ABOUT THIS EXERCISE:
Return the lines below exactly, please, from the one containing "ECGs Made Easy" through the last one, both included, and leave out any pictures.

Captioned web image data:
◇ ◇ ◇ ◇

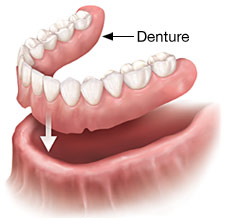 conventional-dentures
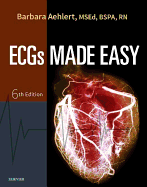 ECGs Made Easy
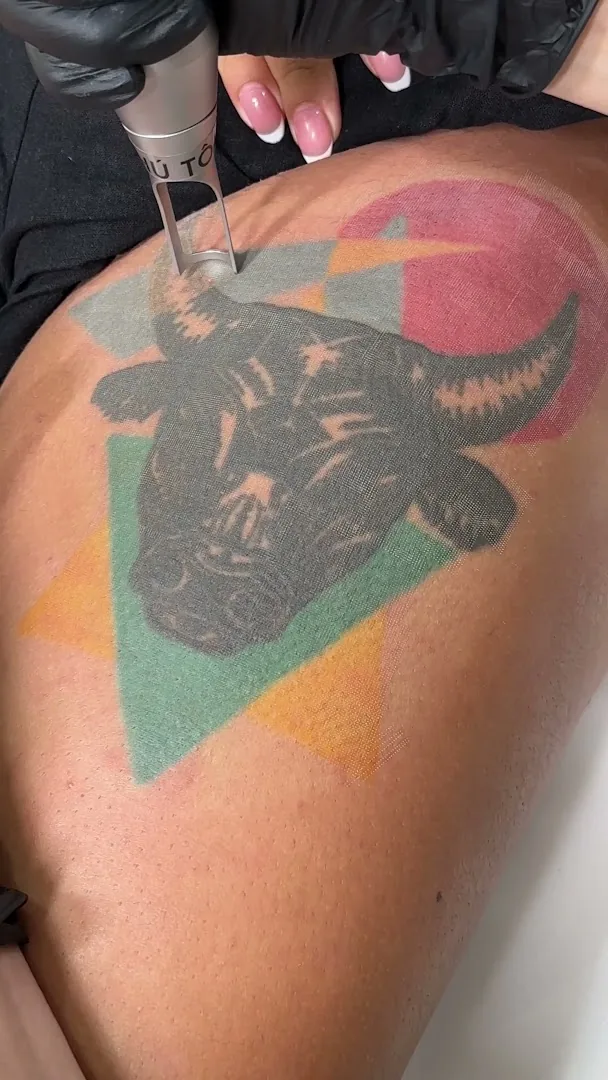 Phú Tôn - Laser Tattoo Removal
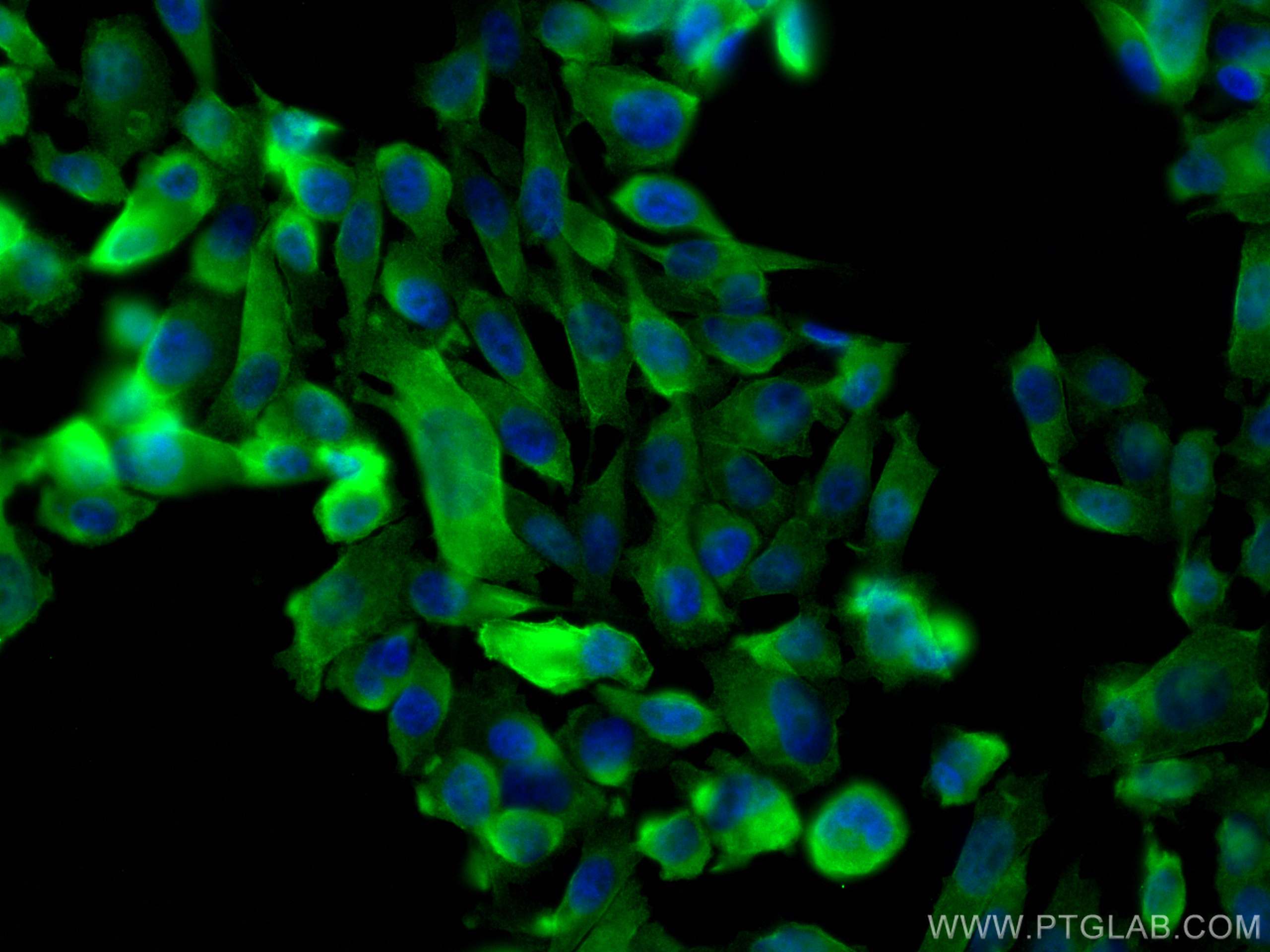 Immunofluorescence (IF) / fluorescent staining of PC-3 cells using ANK3 Polyclonal antibody (27980-1-AP)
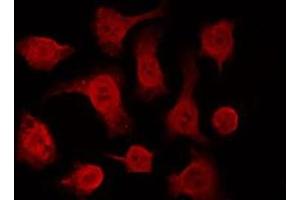 ABIN6266612 staining HeLa by IF/ICC. (p63 anticorps  (C-Term))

◇ ◇ ◇ ◇

FINISHED EXERCISE:
 ECGs Made Easy
 Phú Tôn - Laser Tattoo Removal
 Immunofluorescence (IF) / fluorescent staining of PC-3 cells using ANK3 Polyclonal antibody (27980-1-AP)
 ABIN6266612 staining HeLa by IF/ICC. (p63 anticorps  (C-Term))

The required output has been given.